Empyrean Technology Co., Ltd.
- Trade name: Empyrean
- Native name: 北京华大九天科技股份有限公司
- Type: Public; State-owned enterprise
- Traded as: SZSE: 301269
- Industry: Semiconductors Software
- Founded: May 26, 2009; 17 years ago
- Founder: Liu Weiping
- Headquarters: Beijing, China
- Key people: Liu Weiping (Chairman) Yang Xiaodong (CEO)
- Revenue: CN¥1.01 billion (2023)
- Net income: CN¥200.35 million (2023)
- Total assets: CN¥5.54 billion (2023)
- Total equity: CN¥4.78 billion (2023)
- Owners: China Electronics Corporation China Integrated Circuit Industry Investment Fund
- Number of employees: 1,023 (2023)
- Website: www.empyrean.com.cn

= Empyrean Technology =

Chinese EDA Company

Empyrean Technology (Empyrean; Huádà Jiǔtiān (华大九天)) is a partially state-owned publicly listed Chinese electronic design automation (EDA) company headquartered in Beijing.

== Background ==
Empyrean was founded in 2009 by Liu Weiping who worked on China's first domestic EDA tool 'Panda'.

Empyrean was funded by various state entities which include China Electronics Corporation (CEC), China Integrated Circuit Industry Investment Fund and Shenzhen Capital Group.

The establishment of Empyrean broke the EDA monopoly which was held by foreign companies such as Synopsys, Cadence Design Systems, and Siemens EDA and is seen as a way for China to achieve self sufficiency in the EDA industry.

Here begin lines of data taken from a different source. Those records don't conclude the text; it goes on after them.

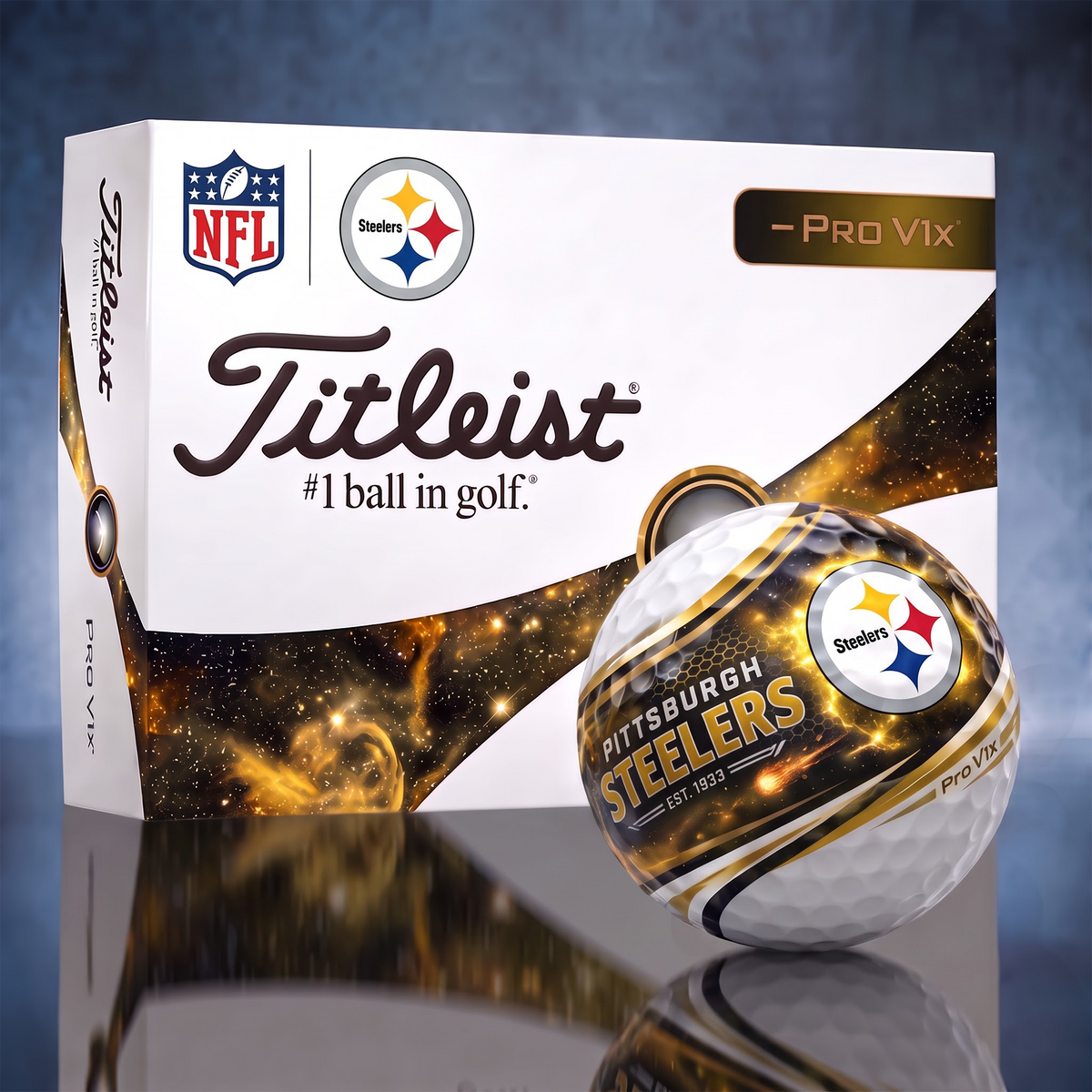 PS x Custom 1-of-1 NFL Team Galaxy Titleist Golf Balls Set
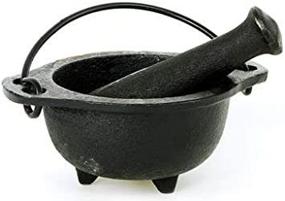 img 1 attached to 🍳 Versatile Cast Iron Cauldron Mortar and Pestle Set: Enhance Your Culinary Creations with Traditional Grinding Experience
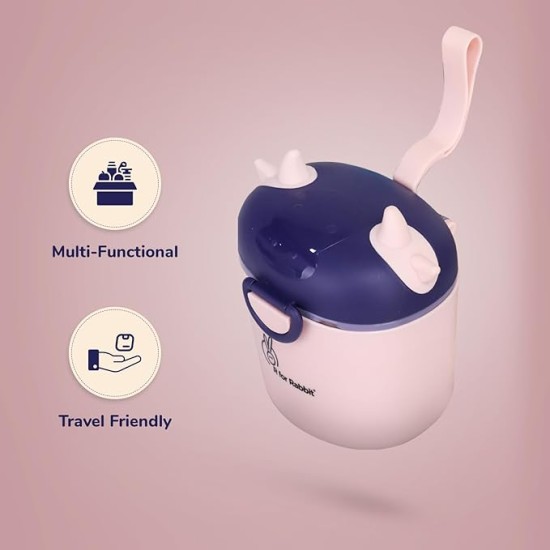 R for Rabbit First Feed Crescent Storage Meal Box with Spoon and Leveler for Baby | Non-Toxic BPA Free Kids Milk Powder Box Multi-Functional Snack/Fruit Container 310 Gram Capacity (Pink) R for Rabbit First Feed Crescent Storage Meal Box with Spoon and Leveler for Baby | Non-Toxic BPA Free Kids Milk Powder Box Multi-Functional Snack/Fruit Container 310 Gram Capacity (Pink)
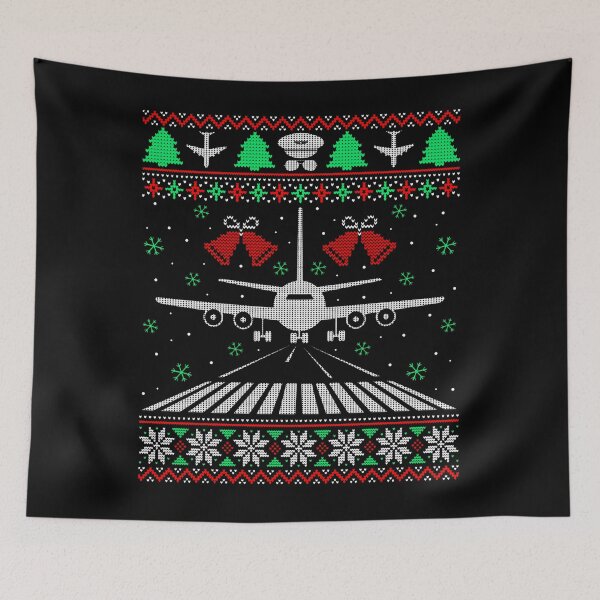 Item preview, Aviation Pilots Ugly Christmas Sweater Flight Operator Gift Long Sleeve designed and sold by HernandoMS.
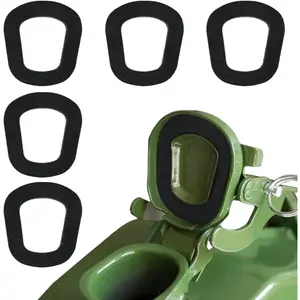 5PCS Jerry Can Gaskets 2.11×1.86×0.18 Inch Rubber Fuel Can Seal Washers Gas Can Spout Gaskets Replacement Universal Car Accessories for 20 Liter NATO Jerry Can Spout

However, according to Guosen Securities, Empyrean has three limitations which are lacking support for the full digital chip design process, lacking support for advanced processes and lacking ability to manufacture and test EDA systems. As of April 2024, Empyrean currently holds 6% of China's market share making it the fourth biggest EDA player as well as the largest Chinese domestic EDA player.

In July 2022, Empyrean held its initial public offering becoming a listed company on the Shenzhen Stock Exchange. The proceeds would be used for several EDA development projects, including building analogue and digital chip design and verification tools.

In March 2023, Huawei announced that it would use domestic EDA software capable of the 14 nm process with Empyrean being speculated to be the reason for the breakthrough. In the same year, Empyrean stated its analog tools can already partially support 5 nm process, while its digital tools can fully support 7 nm process.

In December 2024, Empyrean was targeted in a new round of US export controls and added to the United States Department of Commerce's Entity List. Empyrean stated the impact is "generally controllable". Empyrean then ceded control of the company to CEC.

In March 2025, Empyrean announced it would acquire a majority stake in Shanghai-based Xpeedic Technology, a provider of EDA and system-in-package (SiP) design solutions.

In June 2025, Empyrean stated it planned to capitalize on US export controls that restricted foreign EDA from selling products to China.